Because doas was designed for OpenBSD, it doesn't automatically preserve Linux-specific environment variables like XAUTHORITY or LC_ALL. If you want to run graphical programs under X or maintain your locale settings, this can trip you up. Thankfully, the fix is a single extra line in the configuration file:

setenv { DISPLAY XAUTHORITY LANG LC_ALL }

Note that doas doesn't break your GUI or locale settings; it just refuses to assume what should be trusted. It's a mistake even experienced Linux users can make, as root won't be able to see your X sessions and commands may suddenly switch language, sort text differently, or behave inconsistently.

My workflow feels lighter now

Less friction, fewer surprises, same control

In my daily usage, using doas feels more deliberate.
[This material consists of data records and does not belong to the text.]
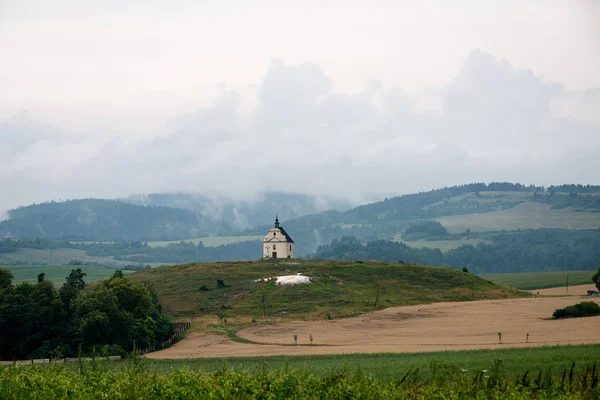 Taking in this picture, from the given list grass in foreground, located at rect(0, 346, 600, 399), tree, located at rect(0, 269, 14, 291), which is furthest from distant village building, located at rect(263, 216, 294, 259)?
grass in foreground, located at rect(0, 346, 600, 399)

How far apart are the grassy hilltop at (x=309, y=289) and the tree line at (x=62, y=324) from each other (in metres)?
26.5

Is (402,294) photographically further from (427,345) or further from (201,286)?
(427,345)

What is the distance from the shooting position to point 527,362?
48906 millimetres

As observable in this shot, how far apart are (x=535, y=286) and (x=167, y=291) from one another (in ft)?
320

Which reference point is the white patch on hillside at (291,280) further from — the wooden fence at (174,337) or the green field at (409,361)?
the green field at (409,361)

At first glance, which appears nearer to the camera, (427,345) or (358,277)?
(427,345)

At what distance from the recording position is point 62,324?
79.9 m

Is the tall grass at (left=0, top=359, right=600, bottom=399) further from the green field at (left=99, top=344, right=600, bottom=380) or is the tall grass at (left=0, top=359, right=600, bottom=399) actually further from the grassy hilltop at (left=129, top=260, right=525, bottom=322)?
the grassy hilltop at (left=129, top=260, right=525, bottom=322)

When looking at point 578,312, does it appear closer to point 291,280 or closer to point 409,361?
point 409,361

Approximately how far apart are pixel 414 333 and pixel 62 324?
37.5 metres

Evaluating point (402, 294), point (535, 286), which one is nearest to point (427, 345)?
point (402, 294)

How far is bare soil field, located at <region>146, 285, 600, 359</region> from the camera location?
6969 cm

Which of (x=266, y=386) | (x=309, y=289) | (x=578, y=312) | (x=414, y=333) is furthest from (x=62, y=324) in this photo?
(x=578, y=312)

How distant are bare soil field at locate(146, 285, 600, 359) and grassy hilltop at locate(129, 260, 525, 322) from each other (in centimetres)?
948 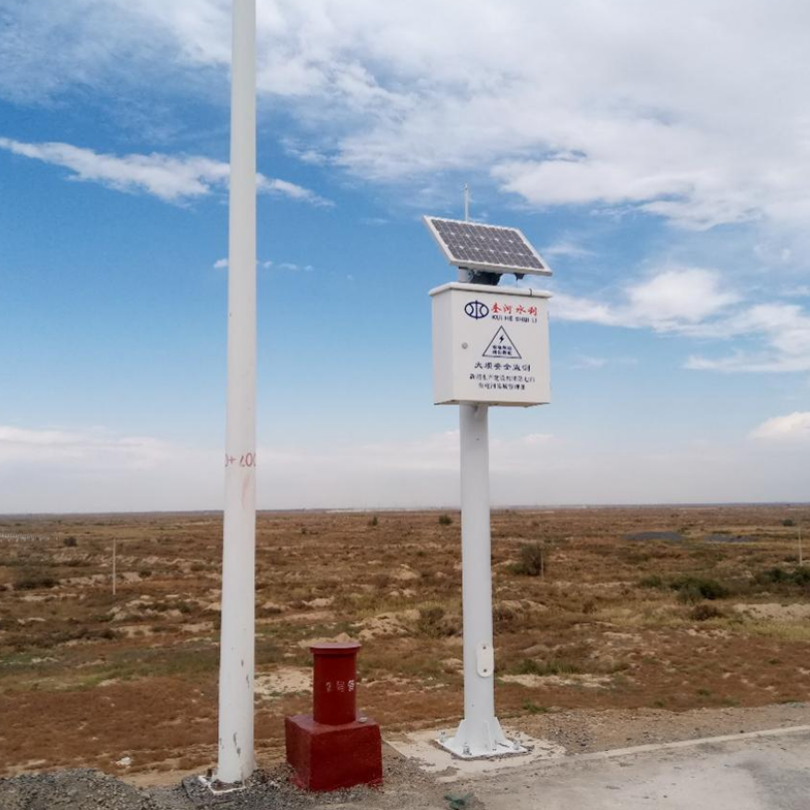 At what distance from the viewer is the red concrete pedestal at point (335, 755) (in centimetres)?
712

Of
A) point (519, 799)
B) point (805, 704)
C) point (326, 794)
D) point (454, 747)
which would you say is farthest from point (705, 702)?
point (326, 794)

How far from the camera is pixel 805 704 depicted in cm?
1109

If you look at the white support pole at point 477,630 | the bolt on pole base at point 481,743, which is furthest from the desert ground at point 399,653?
the white support pole at point 477,630

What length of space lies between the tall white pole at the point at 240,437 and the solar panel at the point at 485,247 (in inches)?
84.7

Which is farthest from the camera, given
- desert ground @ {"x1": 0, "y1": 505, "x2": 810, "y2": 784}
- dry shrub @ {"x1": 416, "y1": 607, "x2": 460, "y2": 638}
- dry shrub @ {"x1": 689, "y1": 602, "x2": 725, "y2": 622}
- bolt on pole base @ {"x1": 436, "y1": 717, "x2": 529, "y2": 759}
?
dry shrub @ {"x1": 689, "y1": 602, "x2": 725, "y2": 622}

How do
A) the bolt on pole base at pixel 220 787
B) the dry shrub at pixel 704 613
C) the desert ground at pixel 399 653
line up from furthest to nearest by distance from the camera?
1. the dry shrub at pixel 704 613
2. the desert ground at pixel 399 653
3. the bolt on pole base at pixel 220 787

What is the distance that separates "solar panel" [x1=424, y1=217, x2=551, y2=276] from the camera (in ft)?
28.5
The configuration file is readable now, meaning I actually do come back to it to modify it further and fine-tune the control of my computer the way I like—something that never happened with sudoers.

Every rule is a conscious decision written in plain language, which means you're less likely to accidentally grant permissions you didn't intend. For anyone running a single-user desktop environment, doas gives you everything sudo provides without any of the complexity that's not meant for you in the first place.

The switch isn't for everyone. Large, multi-user server environments or setups that rely on sudo's admittedly finer controls will likely stay with sudo. But for a personal Linux machine, whether you're on Arch, Mint, Ubuntu, or anything else, doas provides a better, simpler, and cleaner way to manage permissions than sudo ever can.